Referring to the package delivery and grocery delivery services that the USPS now offers, the cartoon character pleads for the USPS “stop cutting mail services in favor of these other costly things and stick to what we really need them to do: deliver our letters.”
The Postal Service’s response can be summed up in two words: “Dream on.”
In fact, here’s what a USPS spokesperson stated to Target Marketing magazine about single-piece First Class mail, which includes personal correspondence and bill payments:
“[It] historically has funded the organization, since we do not receive tax dollars. Package volume is growing exponentially … The mail mix is changing and the Postal Service welcomes that change.”
Indeed, First Class mail volume — and particularly single-piece First Class mail — has been declining rapidly, as can be seen in the USPS’s annual volume figures shown below:

By comparison, package delivery has grown by nearly 20% over the past five years.
Target Marketing and others have done a bit of digging to learn more about the “Taxpayers Protection Alliance” … and they’ve discovered that the group is particularly perturbed about the USPS getting into the grocery products delivery business.
“Expanding services into the private market is not only wrong because it undercuts private competitors,” the TPA organization’s president David Williams complains, “but because it is coming at the expense of its government-granted monopoly – mail delivery.”
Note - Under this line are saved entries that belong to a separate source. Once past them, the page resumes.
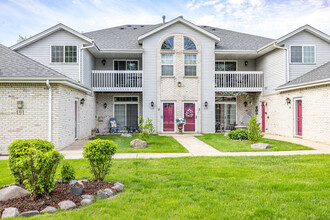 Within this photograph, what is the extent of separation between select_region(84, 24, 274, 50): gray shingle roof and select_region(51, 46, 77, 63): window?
2034 millimetres

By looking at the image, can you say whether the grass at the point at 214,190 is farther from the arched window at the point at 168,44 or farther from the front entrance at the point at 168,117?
the arched window at the point at 168,44

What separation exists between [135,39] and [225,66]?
680 centimetres

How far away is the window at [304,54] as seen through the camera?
14.1m

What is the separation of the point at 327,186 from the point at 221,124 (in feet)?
39.6

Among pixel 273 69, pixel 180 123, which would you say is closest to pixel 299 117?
pixel 273 69

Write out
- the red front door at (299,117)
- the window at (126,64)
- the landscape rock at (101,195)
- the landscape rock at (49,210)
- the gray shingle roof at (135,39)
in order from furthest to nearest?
1. the window at (126,64)
2. the gray shingle roof at (135,39)
3. the red front door at (299,117)
4. the landscape rock at (101,195)
5. the landscape rock at (49,210)

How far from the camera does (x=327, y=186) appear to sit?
4457 mm

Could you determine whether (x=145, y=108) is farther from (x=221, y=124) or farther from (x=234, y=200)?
(x=234, y=200)

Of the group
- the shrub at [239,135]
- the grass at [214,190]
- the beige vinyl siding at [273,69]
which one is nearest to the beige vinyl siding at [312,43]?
the beige vinyl siding at [273,69]

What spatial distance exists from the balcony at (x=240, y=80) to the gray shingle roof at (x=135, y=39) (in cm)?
168

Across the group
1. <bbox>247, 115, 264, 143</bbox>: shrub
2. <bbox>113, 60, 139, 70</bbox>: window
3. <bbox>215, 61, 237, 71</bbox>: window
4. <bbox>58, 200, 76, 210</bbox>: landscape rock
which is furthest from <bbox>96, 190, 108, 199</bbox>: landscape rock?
<bbox>215, 61, 237, 71</bbox>: window

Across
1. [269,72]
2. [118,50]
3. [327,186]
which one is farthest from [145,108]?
[327,186]

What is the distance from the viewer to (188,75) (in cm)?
1526

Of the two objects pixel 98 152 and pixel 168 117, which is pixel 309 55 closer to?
pixel 168 117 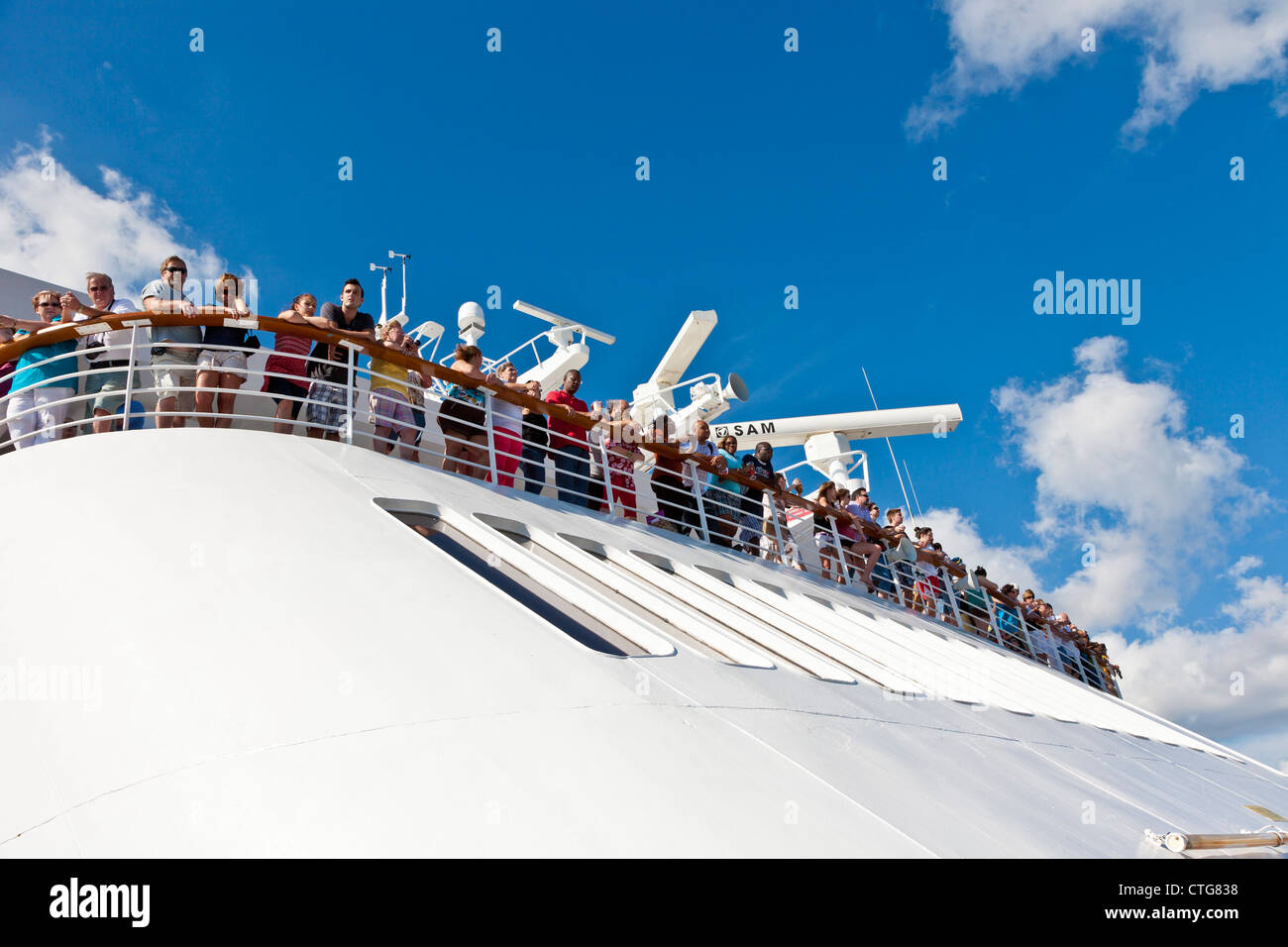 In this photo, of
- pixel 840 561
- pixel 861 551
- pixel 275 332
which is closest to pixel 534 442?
A: pixel 275 332

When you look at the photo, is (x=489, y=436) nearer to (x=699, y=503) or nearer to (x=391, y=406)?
(x=391, y=406)

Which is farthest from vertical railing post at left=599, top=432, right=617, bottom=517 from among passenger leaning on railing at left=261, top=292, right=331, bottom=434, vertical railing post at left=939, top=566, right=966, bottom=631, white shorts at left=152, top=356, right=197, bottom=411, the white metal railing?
vertical railing post at left=939, top=566, right=966, bottom=631

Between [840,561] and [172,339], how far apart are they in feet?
25.5

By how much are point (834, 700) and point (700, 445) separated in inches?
246

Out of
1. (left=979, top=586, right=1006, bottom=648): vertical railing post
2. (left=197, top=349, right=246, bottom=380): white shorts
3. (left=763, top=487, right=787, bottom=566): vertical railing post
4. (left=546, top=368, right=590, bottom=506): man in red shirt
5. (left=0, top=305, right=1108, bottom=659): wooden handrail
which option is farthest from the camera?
(left=979, top=586, right=1006, bottom=648): vertical railing post

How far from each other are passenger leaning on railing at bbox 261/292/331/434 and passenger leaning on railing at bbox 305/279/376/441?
10 centimetres

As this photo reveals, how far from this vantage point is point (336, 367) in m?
6.93

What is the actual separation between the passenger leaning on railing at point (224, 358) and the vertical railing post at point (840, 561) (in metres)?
7.25

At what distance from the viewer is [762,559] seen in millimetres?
9883

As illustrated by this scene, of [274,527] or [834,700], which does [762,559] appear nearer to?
[834,700]

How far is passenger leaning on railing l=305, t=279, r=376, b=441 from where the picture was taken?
6441mm

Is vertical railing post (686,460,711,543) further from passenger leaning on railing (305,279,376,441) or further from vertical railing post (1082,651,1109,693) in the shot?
vertical railing post (1082,651,1109,693)

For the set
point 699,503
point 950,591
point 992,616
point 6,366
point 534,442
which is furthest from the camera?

All of which makes it intriguing to speculate who is actually behind the “Taxpayers Protection Alliance” and what particular agenda they may have. Hint: private companies that offer grocery delivery services, perhaps?
But the bigger news is this: The USPS is no longer even pretending to claim that First Class mail is a central part of its business model looking to the future. And that’s a huge change from only a couple of years ago.